Каково было назначение этих шариков, до сих пор не знаю, скорее всего, что­то оборонное... Но наряду с марками, этикетками и прочей мальчишеской важной чепухой они являлись стихийной валютой моего детства. Наверное, именно тогда, окаченный ледяным взглядом Шуры, я понял, что для глубокого поэтического сравнения одного внешнего сходства маловато. Кому же понравится, если твои глаза уподобляют каким­то там стекляшкам с «Казанки»?..
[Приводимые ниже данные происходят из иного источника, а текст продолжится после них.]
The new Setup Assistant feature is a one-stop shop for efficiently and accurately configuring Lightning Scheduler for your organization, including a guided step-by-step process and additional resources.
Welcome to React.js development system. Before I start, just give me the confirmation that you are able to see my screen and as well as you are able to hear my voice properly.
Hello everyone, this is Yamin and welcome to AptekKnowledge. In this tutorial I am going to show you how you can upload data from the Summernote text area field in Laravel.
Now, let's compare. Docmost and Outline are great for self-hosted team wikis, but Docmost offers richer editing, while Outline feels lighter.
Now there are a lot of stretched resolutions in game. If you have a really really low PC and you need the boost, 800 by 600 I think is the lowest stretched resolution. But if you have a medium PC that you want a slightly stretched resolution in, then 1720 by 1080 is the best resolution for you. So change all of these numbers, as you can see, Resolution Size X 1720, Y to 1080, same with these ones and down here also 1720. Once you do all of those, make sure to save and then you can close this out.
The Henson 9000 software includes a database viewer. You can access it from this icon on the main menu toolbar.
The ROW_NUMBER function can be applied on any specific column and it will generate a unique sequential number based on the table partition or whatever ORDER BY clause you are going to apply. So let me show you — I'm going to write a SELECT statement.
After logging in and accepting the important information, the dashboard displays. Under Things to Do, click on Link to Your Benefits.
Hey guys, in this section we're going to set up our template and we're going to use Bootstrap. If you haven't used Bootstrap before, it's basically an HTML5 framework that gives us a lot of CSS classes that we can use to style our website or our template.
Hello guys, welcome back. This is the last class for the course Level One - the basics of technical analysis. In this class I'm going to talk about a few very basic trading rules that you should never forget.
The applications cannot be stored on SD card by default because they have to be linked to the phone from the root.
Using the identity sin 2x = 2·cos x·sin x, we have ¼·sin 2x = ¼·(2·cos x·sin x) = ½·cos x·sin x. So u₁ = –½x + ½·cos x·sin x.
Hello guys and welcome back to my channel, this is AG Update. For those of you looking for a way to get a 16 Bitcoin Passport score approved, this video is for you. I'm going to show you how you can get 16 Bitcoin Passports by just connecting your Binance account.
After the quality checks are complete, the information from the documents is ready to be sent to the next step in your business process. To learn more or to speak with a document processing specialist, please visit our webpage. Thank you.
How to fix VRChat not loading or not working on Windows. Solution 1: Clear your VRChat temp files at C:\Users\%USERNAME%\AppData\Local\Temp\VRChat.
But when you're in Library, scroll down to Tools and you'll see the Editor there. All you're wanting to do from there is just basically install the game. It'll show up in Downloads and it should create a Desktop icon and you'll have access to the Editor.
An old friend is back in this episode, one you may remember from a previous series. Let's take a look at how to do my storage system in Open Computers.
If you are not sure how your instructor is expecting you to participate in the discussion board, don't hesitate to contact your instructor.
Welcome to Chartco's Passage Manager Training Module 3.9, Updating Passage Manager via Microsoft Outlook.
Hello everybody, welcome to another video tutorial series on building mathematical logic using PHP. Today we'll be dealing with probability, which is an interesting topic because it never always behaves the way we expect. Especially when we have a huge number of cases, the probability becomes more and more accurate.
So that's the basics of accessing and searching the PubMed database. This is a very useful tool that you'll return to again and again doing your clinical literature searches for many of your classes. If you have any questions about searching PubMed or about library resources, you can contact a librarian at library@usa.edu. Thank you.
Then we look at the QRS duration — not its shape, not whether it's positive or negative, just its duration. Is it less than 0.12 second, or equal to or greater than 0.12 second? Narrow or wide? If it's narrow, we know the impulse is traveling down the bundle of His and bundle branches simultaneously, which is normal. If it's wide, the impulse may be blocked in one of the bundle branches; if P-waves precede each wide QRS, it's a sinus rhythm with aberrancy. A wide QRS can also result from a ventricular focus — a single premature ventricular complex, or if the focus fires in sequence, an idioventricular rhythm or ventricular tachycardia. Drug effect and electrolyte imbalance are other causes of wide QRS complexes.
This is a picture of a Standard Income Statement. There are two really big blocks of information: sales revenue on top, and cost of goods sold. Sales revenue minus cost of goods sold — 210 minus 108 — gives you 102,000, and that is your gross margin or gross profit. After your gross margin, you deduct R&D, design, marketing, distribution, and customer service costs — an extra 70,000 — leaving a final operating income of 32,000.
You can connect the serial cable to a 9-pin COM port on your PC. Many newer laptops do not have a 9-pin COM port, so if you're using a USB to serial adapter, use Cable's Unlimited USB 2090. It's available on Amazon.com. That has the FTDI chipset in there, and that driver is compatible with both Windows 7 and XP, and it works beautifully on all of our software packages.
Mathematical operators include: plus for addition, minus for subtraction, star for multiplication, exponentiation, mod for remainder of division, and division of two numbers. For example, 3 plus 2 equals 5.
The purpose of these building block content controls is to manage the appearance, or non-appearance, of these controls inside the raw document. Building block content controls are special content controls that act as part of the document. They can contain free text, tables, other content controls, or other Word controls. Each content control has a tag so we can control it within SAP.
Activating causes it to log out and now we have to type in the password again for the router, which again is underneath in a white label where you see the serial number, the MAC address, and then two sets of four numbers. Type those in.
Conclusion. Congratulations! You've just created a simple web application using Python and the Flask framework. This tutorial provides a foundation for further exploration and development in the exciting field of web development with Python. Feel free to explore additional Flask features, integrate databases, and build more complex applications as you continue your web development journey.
Другая обычная тема для начинающего поэта — восторг перед красотами природы. Знакомая ситуация: бывалый до циничности гражданин, оказавшись, например, на берегу дымящегося утреннего озера или взглянув на звездное небо, чувствует вдруг некое поэтическое шевеление в душе и сокрушается: «Эх, ну почему я не сочиняю стихи?» Но если обычный человек просто чувствует шевеление, то начинающий поэт хочет выразить это шевеление словами. Я тоже пытался. Одна из моих первых попыток выглядела следующим образом:

Словно обломок «империала»,
Сломанного на пари,
В небе луна застряла
И горит...

А согласитесь: не так уж плохо — сравнить ущербную луну с половинкой золотой монеты, сломанной кем­то неведомым и могучим... Но остановиться на достигнутом было никак нельзя, и меня повело дальше:

Горит, бросая потоки нежности
В пустоту...
Скоро, скоро цветы неизбежности
Зацветут...

«Какие цветы, какой неизбежности?» — спросите вы. А черт их разберет... Наверное, начитался символистов. Вообще, поначалу поэт как бы плутает среди чужих образов, интонаций, ритмов. Иногда так всю жизнь и плутает, а после смерти получает обидное прозвище «эпигон», хотя именно эпигоны живут легче и веселее настоящих поэтов. Они, как шкодливые шакалята, поедают остатки не ими заваленного буйвола. Но это метафора... В жизни эпигоны, напротив, чрезвычайно значительны, любят заседать в президиумах, они увешаны премиями до пят, обласканы критикой, которая, кстати, всегда путает эпигонство с классичностью, а новаторство с шутовством. Среди современных сочинителей тоже есть эталонные эпигоны, например Амелин, от которого, начиная с псевдонима, вторичностью разит, как нафталином из бабушкиного сундука.

В литературе остаются, конечно, только настоящие писатели. А вот в истории литературы эпигонов пруд пруди. Зайдите в Камергерский переулок и посмотрите сначала на тщедушного бронзового Чехова, а потом на монументального Николая Асеева, суровым орлом смотрящего с большой мемориальной доски. Теперь вообразите, что Москву, как Помпею, чем­то, не дай бог, засыпало. Через тысячу лет потомки раскопали Камергерский переулок и наткнулись на эти два мемориальных осколка великой некогда литературы, чьи тексты давно утрачены. Кого потомки сразу же вообразят главным русским писателем? Ну конечно же Асеева. Чеховское изваяние они, скорее всего, примут за надгробие какогото литературного неудачника...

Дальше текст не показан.